Deserted: There have been several emails and tweets asking about the Abu Dhabi Tour. Watching it yesterday you saw the 5km to go banner and felt relief rather than excitement, the hope that it would all end. In Qatar teams are doing drills for the sprint classics and keen to test their form but by now everyone looks tired. Still, let’s wait until the end of the race before reviewing it, cycling fans are a conservative bunch there were probably people slating the Tour de France when it was launched because it was new and excessive. Saturday’s stage around the Yas motor circuit promises a small first with images from the onboard bike cameras set to form part of the live broadcast output. There’ll be a closer look at the race in the coming days.
Ciao! Abu Dhabi is owned by RCS Sport, owners of the Giro. RCS Sport is in turn part of RCS Media, a large Italian media conglomerate. It’s suffering, the stock price looks the the profile of a downhill time trial and has just cratered to a new low. Compounding this the boss Pietro Scott Jovane has just walk out. Pushed or jumped? It doesn’t mean much for cycling for now, as much as we might think the Giro is huge, it’s only a tiny niche of RCS’s media empire.
Gains Marginaux, Part I
From firing to hiring Ag2r La Mondiale have recruited another coach according to French website Direct Velo. Samuel Bellenoue will specialise in nutrition and altitude training camps and joins a staff of three other coaches already. It’s all part of the team’s drive to invest in performance and support.
Gains Marginaux, Part II
It was touched on in the Lombardia review but FDJ will stop sponsoring their cyclo-cross specialist Francis Mourey. He’s landed on his feet with a contract from Fortuneo-Vital Concept, the new name for Bretagne-Séché in 2016 and has been almost invincible in French CX races although he’s 34 now and Clément Venturini of Cofidis is starting to get the better of him. Team boss Marc Madiot loves his cyclo-cross, part of his empiricism that goes like this: “I did CX and won Paris-Roubaix so you should do CX“. The money saved on Mourey is being ploughed into windtunnel sessions, altitude training camps and stage race recons and it’s not just Mourey’s wage bill, there’s the cost of a soigneur and mechanic for him plus the vehicles to keep him on the road, a camper van and a supply truck.

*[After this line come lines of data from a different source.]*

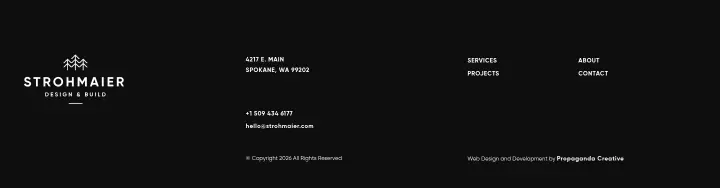 Footer on Strohmaier Design & Build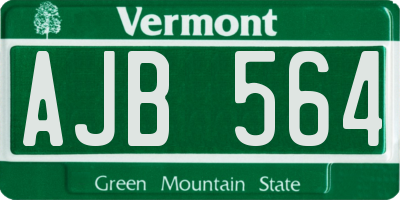 VT license plate AJB564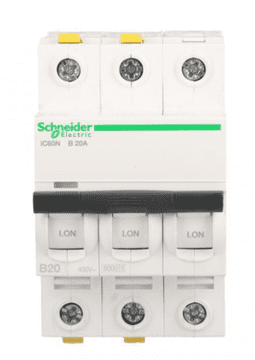 Schneider Odklopnik 3P B 20A 6kA AC iC60N-B20-3 Acti9 A9F03320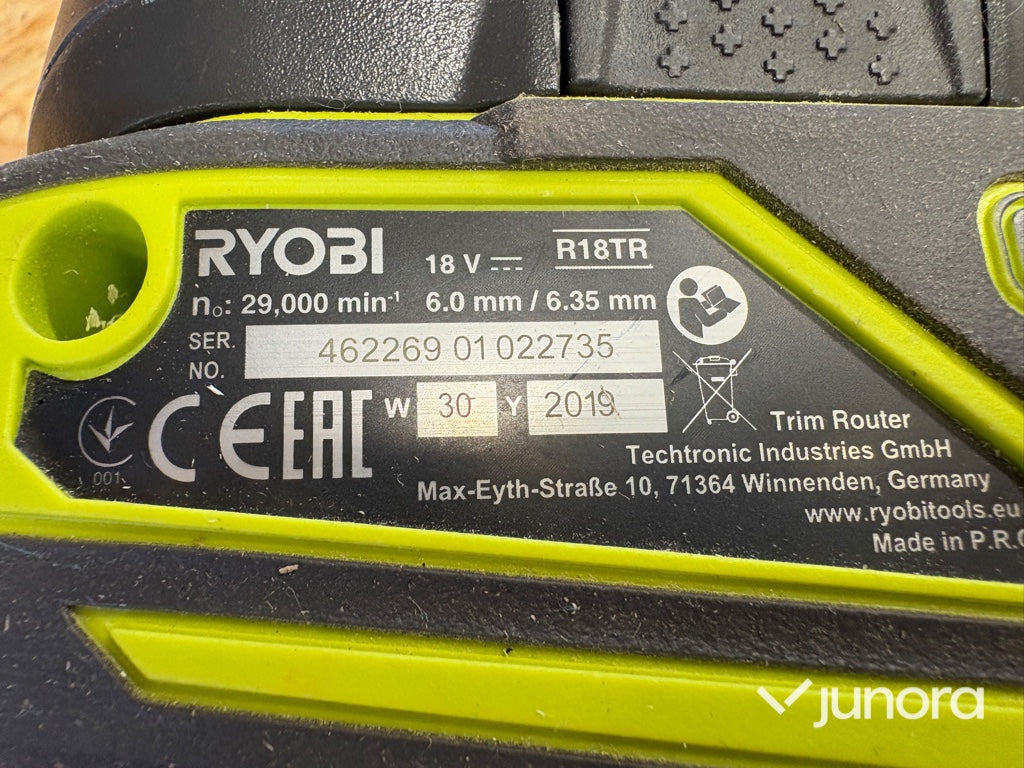Kantfräs / Handöverfräs - Ryobi, Batteridriven
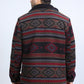 Mens Ethnic Aztec Long Twill Black/Red Coat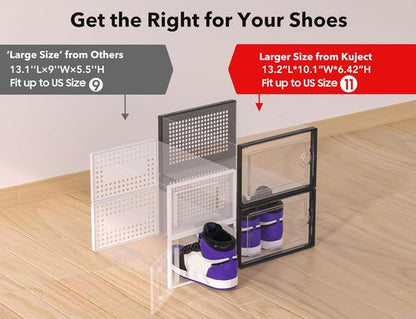 Kuject X-Large Clear Plastic Shoe Storage Boxes - Stackable 12-Pack for Sneakers & Toy Organization | Black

Both cases show the French team playing catch-up and it’s still a long way from Team Sky who can afford to hire staff like Robby Ketchell as data analysts.
Night time testing
A quick briefing on night time anti-doping tests in France. They can now happen in France but as ever it’s all about the details and these new tests come with beaucoup strings attached. First is the sine qua non that the testers must have “serious and specific suspicions” meaning they cannot blanket test riders but have demonstrate grounds for the test. Next athletes have to consent to them, for those in France they must sign up for this at least once every six months while foreign athletes visiting France can sign up this way or by accepting the rules as part of a race, eg the Tour de France requires riders to agree and requests a signature. Athletes may say “no” to it all but the testers can still return if they have a warrant from a judge after pleading their case to the judiciary.
This Sunday’s Paris-Tours is the last race on TV this year and often with a thrilling finish. There will be a preview here in due course.